Work item
No record may be left out; print them all verbatim.

Given records

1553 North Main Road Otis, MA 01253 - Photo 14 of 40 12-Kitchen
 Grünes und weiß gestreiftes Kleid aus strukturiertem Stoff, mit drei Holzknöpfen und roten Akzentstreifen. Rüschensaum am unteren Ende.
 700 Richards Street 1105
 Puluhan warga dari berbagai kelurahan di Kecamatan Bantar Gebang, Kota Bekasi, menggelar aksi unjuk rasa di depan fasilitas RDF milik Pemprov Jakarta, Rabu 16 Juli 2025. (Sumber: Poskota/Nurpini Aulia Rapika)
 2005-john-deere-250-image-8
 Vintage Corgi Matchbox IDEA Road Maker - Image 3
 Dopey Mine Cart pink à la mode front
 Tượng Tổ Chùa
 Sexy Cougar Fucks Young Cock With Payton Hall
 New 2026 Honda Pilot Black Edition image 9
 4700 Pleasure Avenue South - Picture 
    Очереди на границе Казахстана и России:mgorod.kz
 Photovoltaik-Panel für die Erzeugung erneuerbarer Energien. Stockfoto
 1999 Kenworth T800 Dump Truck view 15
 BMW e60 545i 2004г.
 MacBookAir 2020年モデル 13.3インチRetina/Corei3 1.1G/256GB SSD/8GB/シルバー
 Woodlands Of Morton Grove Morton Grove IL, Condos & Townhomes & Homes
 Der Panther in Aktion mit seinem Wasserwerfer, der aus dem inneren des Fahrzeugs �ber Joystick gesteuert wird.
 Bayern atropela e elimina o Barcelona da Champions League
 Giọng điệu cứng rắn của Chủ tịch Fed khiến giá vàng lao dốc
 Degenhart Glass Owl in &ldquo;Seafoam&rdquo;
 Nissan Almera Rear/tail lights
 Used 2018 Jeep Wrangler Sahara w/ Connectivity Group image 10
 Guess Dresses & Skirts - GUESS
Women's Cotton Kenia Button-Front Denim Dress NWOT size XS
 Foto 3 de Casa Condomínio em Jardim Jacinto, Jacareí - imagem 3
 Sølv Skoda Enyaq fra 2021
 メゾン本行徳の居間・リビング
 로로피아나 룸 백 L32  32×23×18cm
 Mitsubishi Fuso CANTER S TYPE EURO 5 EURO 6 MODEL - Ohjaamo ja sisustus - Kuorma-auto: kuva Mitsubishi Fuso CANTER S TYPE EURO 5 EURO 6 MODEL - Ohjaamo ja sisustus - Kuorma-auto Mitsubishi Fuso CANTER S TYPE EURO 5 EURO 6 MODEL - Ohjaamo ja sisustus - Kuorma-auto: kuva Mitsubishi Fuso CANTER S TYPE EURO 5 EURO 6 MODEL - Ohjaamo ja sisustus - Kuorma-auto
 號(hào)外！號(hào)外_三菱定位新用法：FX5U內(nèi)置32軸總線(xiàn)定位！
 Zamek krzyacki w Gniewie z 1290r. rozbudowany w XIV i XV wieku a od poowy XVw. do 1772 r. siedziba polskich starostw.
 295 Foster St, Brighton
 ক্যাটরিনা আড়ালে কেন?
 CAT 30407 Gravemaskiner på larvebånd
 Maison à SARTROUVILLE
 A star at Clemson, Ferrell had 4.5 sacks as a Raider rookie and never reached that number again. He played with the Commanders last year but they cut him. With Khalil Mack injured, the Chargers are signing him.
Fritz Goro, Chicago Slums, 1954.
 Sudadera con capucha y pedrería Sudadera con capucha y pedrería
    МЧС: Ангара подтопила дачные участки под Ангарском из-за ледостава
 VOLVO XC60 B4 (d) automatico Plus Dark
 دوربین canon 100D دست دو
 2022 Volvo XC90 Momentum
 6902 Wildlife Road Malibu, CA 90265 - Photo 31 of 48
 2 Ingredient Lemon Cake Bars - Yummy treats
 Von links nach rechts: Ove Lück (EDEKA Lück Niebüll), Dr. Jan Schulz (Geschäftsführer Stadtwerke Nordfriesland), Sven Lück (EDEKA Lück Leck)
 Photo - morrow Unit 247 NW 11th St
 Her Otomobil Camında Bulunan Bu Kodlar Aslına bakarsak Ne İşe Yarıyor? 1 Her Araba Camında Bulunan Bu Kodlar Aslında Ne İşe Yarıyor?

Task output
1553 North Main Road Otis, MA 01253 - Photo 14 of 40 12-Kitchen
 Grünes und weiß gestreiftes Kleid aus strukturiertem Stoff, mit drei Holzknöpfen und roten Akzentstreifen. Rüschensaum am unteren Ende.
 700 Richards Street 1105
 Puluhan warga dari berbagai kelurahan di Kecamatan Bantar Gebang, Kota Bekasi, menggelar aksi unjuk rasa di depan fasilitas RDF milik Pemprov Jakarta, Rabu 16 Juli 2025. (Sumber: Poskota/Nurpini Aulia Rapika)
 2005-john-deere-250-image-8
 Vintage Corgi Matchbox IDEA Road Maker - Image 3
 Dopey Mine Cart pink à la mode front
 Tượng Tổ Chùa
 Sexy Cougar Fucks Young Cock With Payton Hall
 New 2026 Honda Pilot Black Edition image 9
 4700 Pleasure Avenue South - Picture 
    Очереди на границе Казахстана и России:mgorod.kz
 Photovoltaik-Panel für die Erzeugung erneuerbarer Energien. Stockfoto
 1999 Kenworth T800 Dump Truck view 15
 BMW e60 545i 2004г.
 MacBookAir 2020年モデル 13.3インチRetina/Corei3 1.1G/256GB SSD/8GB/シルバー
 Woodlands Of Morton Grove Morton Grove IL, Condos & Townhomes & Homes
 Der Panther in Aktion mit seinem Wasserwerfer, der aus dem inneren des Fahrzeugs �ber Joystick gesteuert wird.
 Bayern atropela e elimina o Barcelona da Champions League
 Giọng điệu cứng rắn của Chủ tịch Fed khiến giá vàng lao dốc
 Degenhart Glass Owl in &ldquo;Seafoam&rdquo;
 Nissan Almera Rear/tail lights
 Used 2018 Jeep Wrangler Sahara w/ Connectivity Group image 10
 Guess Dresses & Skirts - GUESS
Women's Cotton Kenia Button-Front Denim Dress NWOT size XS
 Foto 3 de Casa Condomínio em Jardim Jacinto, Jacareí - imagem 3
 Sølv Skoda Enyaq fra 2021
 メゾン本行徳の居間・リビング
 로로피아나 룸 백 L32  32×23×18cm
 Mitsubishi Fuso CANTER S TYPE EURO 5 EURO 6 MODEL - Ohjaamo ja sisustus - Kuorma-auto: kuva Mitsubishi Fuso CANTER S TYPE EURO 5 EURO 6 MODEL - Ohjaamo ja sisustus - Kuorma-auto Mitsubishi Fuso CANTER S TYPE EURO 5 EURO 6 MODEL - Ohjaamo ja sisustus - Kuorma-auto: kuva Mitsubishi Fuso CANTER S TYPE EURO 5 EURO 6 MODEL - Ohjaamo ja sisustus - Kuorma-auto
 號(hào)外！號(hào)外_三菱定位新用法：FX5U內(nèi)置32軸總線(xiàn)定位！
 Zamek krzyacki w Gniewie z 1290r. rozbudowany w XIV i XV wieku a od poowy XVw. do 1772 r. siedziba polskich starostw.
 295 Foster St, Brighton
 ক্যাটরিনা আড়ালে কেন?
 CAT 30407 Gravemaskiner på larvebånd
 Maison à SARTROUVILLE
 A star at Clemson, Ferrell had 4.5 sacks as a Raider rookie and never reached that number again. He played with the Commanders last year but they cut him. With Khalil Mack injured, the Chargers are signing him.
Fritz Goro, Chicago Slums, 1954.
 Sudadera con capucha y pedrería Sudadera con capucha y pedrería
    МЧС: Ангара подтопила дачные участки под Ангарском из-за ледостава
 VOLVO XC60 B4 (d) automatico Plus Dark
 دوربین canon 100D دست دو
 2022 Volvo XC90 Momentum
 6902 Wildlife Road Malibu, CA 90265 - Photo 31 of 48
 2 Ingredient Lemon Cake Bars - Yummy treats
 Von links nach rechts: Ove Lück (EDEKA Lück Niebüll), Dr. Jan Schulz (Geschäftsführer Stadtwerke Nordfriesland), Sven Lück (EDEKA Lück Leck)
 Photo - morrow Unit 247 NW 11th St
 Her Otomobil Camında Bulunan Bu Kodlar Aslına bakarsak Ne İşe Yarıyor? 1 Her Araba Camında Bulunan Bu Kodlar Aslında Ne İşe Yarıyor?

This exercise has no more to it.